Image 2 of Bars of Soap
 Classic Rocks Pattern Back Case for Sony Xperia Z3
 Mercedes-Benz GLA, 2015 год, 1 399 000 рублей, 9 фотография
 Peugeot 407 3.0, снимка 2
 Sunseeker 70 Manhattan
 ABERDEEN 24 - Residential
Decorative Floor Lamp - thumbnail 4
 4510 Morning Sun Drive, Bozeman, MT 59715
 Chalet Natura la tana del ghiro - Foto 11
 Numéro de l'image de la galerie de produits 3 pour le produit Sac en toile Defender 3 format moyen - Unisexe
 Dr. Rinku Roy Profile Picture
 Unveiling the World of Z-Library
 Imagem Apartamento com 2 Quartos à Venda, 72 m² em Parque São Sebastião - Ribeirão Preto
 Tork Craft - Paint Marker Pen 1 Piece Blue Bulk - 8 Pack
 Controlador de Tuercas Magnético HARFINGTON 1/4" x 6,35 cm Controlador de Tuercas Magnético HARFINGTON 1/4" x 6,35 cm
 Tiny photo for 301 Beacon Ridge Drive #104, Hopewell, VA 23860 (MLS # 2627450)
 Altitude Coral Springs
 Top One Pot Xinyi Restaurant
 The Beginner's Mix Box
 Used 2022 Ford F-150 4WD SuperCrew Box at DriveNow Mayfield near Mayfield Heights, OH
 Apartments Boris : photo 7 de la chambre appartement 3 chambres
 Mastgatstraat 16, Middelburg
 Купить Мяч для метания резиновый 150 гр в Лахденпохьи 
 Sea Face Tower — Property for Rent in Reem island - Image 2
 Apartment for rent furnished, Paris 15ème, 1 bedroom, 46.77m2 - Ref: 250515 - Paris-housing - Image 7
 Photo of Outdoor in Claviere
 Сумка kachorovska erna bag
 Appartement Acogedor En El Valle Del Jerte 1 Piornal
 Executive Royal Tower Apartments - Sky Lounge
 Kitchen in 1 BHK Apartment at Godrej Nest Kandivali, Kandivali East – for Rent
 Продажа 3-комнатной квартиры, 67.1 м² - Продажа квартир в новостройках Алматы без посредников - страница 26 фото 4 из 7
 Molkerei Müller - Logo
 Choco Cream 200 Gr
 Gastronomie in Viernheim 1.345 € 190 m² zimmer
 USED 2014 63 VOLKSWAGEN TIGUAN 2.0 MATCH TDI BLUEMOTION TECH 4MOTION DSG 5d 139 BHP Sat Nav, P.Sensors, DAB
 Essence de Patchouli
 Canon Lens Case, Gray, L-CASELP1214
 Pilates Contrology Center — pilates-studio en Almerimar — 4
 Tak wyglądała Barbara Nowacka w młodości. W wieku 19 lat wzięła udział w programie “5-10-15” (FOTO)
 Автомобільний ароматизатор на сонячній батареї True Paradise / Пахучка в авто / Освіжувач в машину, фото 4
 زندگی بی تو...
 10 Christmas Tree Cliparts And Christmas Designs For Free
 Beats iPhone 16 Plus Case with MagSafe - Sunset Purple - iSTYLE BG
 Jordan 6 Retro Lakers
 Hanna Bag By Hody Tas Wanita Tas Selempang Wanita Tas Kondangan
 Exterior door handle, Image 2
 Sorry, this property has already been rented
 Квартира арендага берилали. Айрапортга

-*-

**How to complete this task**
Copy, without any change, the run of lines from the one with "Canon Lens Case, Gray, L-CASELP1214" through the end of the entries above.

**Task result**
 Canon Lens Case, Gray, L-CASELP1214
 Pilates Contrology Center — pilates-studio en Almerimar — 4
 Tak wyglądała Barbara Nowacka w młodości. W wieku 19 lat wzięła udział w programie “5-10-15” (FOTO)
 Автомобільний ароматизатор на сонячній батареї True Paradise / Пахучка в авто / Освіжувач в машину, фото 4
 زندگی بی تو...
 10 Christmas Tree Cliparts And Christmas Designs For Free
 Beats iPhone 16 Plus Case with MagSafe - Sunset Purple - iSTYLE BG
 Jordan 6 Retro Lakers
 Hanna Bag By Hody Tas Wanita Tas Selempang Wanita Tas Kondangan
 Exterior door handle, Image 2
 Sorry, this property has already been rented
 Квартира арендага берилали. Айрапортга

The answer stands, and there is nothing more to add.